With a growing online distribution presence, the group looks to capture a larger share within the employee benefit market. This could add up to the group’s medical coverage division, which is estimated to make up 20% of contributions, in addition to offering value-added services to prospective employers. On the other hand, an increase in the adoption of online platforms could result in lower commission expenses and agent fees, hence a leaner operating landscape. We also opine that digitalisation could extend the group’s footprint towards less assessable markets (for example rural and suburban areas).

Still the industry leader within the Takaful space, we believe the group could gain traction from its trusted brand equity in the market. Aside from the above key segments, a larger agency force will facilitate more client-facing offerings (for example, term insurance and investment-linked products), though not expected to contribute significantly to the group. With regard to fire insurance, a pending review is expected to be brought up by BNM during the second half of 2019, which could potentially see a similar track to liberalise and de-tariff the segment. Regardless, we believe it may not impact the Takaful group as significantly as other players given their proportionately lower exposure to the insurance class (accounting for about 10% of gross contributions versus other players at about 40%).
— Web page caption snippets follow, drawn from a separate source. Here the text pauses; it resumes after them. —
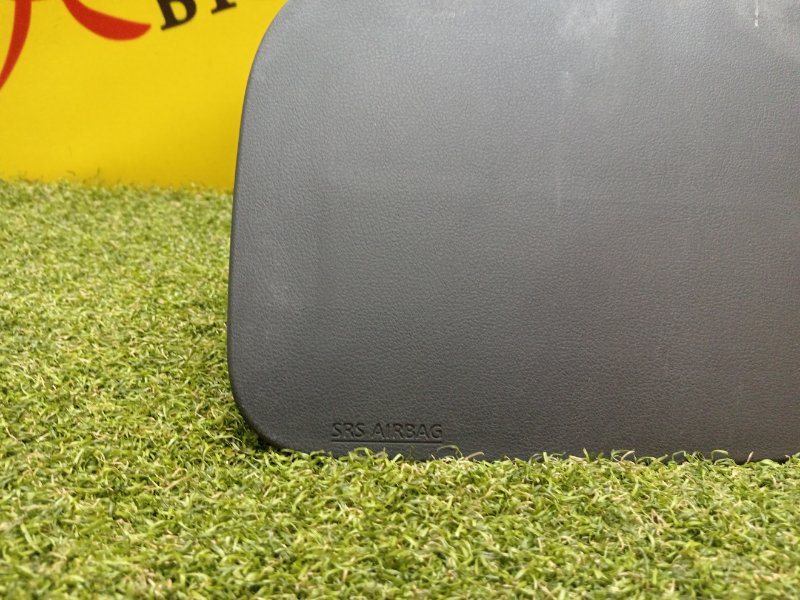 AIRBAG, 5500 рублей, Красноярск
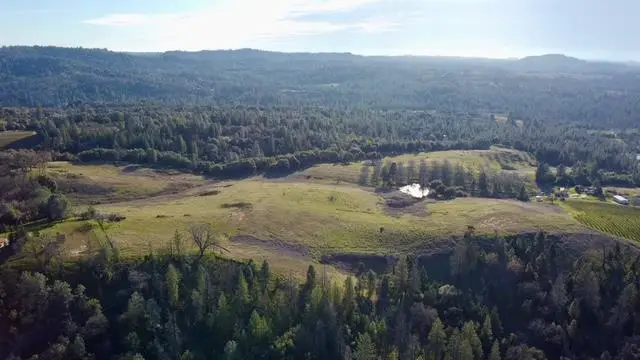0 Hawk Haven Lane, Somerset, CA 95684 - #1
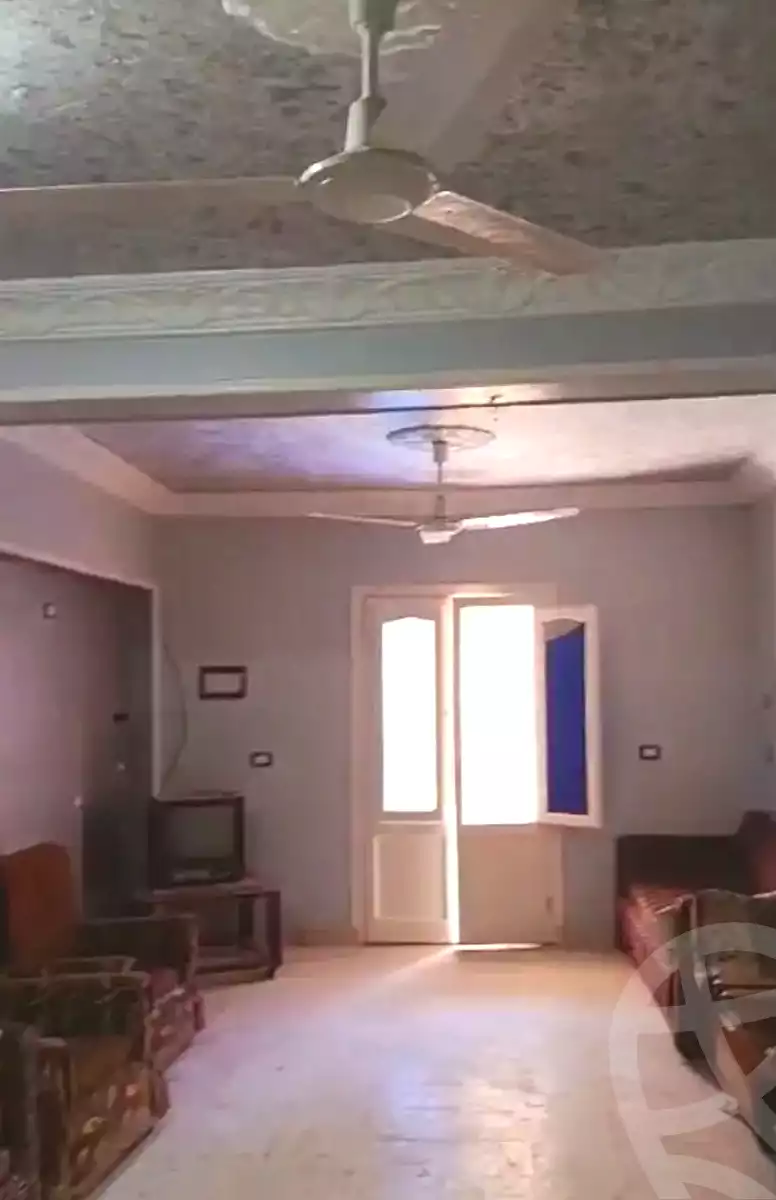 https://aqarmap.com.eg/en/listing/7061188-for-sale-alexandria-al-agamy-el-hanouvel
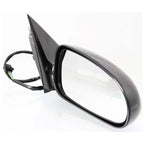 Set of 2 Mirrors for Pontiac Bonneville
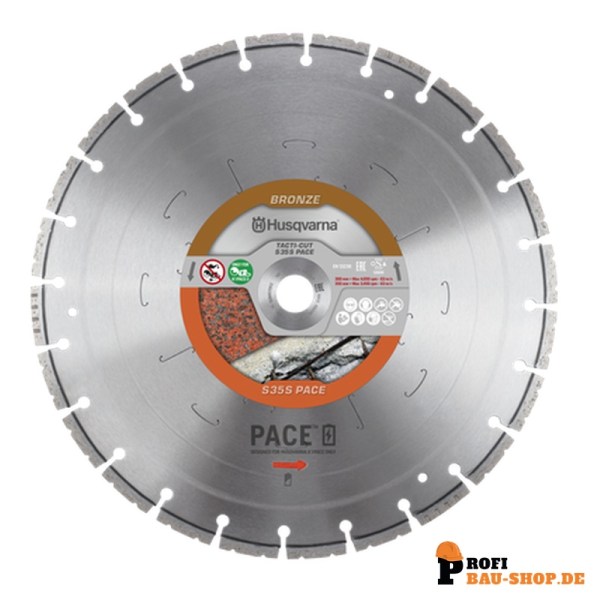 husqvarna/Husqvarna_529663901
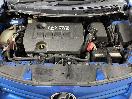 Thumbnail '13' of Toyota Auris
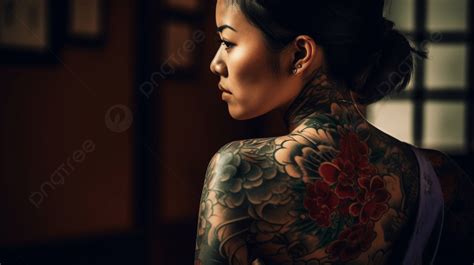 💞tattooed very sexy girl💋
While we leave our earnings estimates unchanged, we have upgraded our blended valuations to 16 times/four times for the financial year 2020 price-earnings ratio/price-to-book value (from 15 times/3.5 times previously), moving to +1 standard deviation from the previously pegged three-year forward average. We believe the stock’s limited exposure and risks to the fire insurance review could attract attention from investors seeking a defensive position in the insurance space. However, the buying rally of the stock led by its stellar results has diluted its dividend yield to less than 3%, which may keep some investors away with the limited capital upside, hence our downgrade to “market perform”.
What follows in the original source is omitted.